12-02, 14:00–14:30 (UTC), Talk Track II
The Awkward Array project provides a library for operating on nested,
variable length data structures with NumPy-like idioms. We present two
projects that provide native support for Awkward Arrays in the broader
PyData ecosystem. In dask-awkward we have implemented a new Dask
collection to scale up and distribute workflows with partitioned
Awkward Arrays. In awkward-pandas we have implemented a new Pandas
extension array type, making it easy to use Awkward Arrays in Pandas
workflows and enabling massive acceleration in the processing of
nested data. We will show how these projects plug into PyData and
present some compelling use cases.
Dask provides core collections for scaling up workflows that use NumPy
arrays and Pandas DataFrames. The collection interface defined by Dask
allows for the creation of custom collections. We will describe how we
created a collection to bring support to Awkward Arrays in Dask, and
explain some of the advantages of using a native collection over
alternatives in the Dask ecosystem: for example, we are able to
leverage Dask's high-level task graph layers and implement dedicated
optimizations.
Pandas provides the ExtensionArray interface to create and register
new types of Arrays that Pandas can recognize. We will show, with
example use-cases, how adding a new Awkward ExtensionArray improves
the performance of operating on nested data in Pandas workflows. For
example, Python for-loops in nested Pandas workflows can be sped of by
more than 100x with equivalent Awkward use.

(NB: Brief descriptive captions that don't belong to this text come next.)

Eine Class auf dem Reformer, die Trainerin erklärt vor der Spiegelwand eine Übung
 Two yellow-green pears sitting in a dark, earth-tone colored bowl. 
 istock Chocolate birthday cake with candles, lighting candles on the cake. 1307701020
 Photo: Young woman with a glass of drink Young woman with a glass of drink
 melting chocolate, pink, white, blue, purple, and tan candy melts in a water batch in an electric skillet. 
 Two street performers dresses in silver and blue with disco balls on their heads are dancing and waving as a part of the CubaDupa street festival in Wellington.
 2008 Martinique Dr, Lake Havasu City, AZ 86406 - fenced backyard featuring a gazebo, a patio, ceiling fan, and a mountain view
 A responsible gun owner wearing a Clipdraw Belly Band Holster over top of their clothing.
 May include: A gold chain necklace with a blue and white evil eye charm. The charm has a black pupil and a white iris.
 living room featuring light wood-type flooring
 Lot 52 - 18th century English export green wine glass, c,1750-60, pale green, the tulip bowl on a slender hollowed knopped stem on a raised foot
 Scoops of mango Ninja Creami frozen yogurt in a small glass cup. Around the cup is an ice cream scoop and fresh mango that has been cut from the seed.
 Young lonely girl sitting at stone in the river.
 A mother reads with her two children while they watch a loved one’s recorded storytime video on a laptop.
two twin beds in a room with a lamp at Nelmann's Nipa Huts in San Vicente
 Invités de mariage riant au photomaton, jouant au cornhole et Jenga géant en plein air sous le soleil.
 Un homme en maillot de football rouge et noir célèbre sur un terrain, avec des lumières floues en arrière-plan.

The core purpose of developing dask-awkward and awkward-pandas is to
make nested, JSON-like data a first class type in the PyData ecosystem
that can be analyzed efficiently and at scale.
Previous knowledge expected
I'm a software engineer at Anaconda, where I contribute to the open source PyData/Scientific Python ecosystem. I primarily work in the Dask community. I decided to be a software engineer after training to be a particle physicist.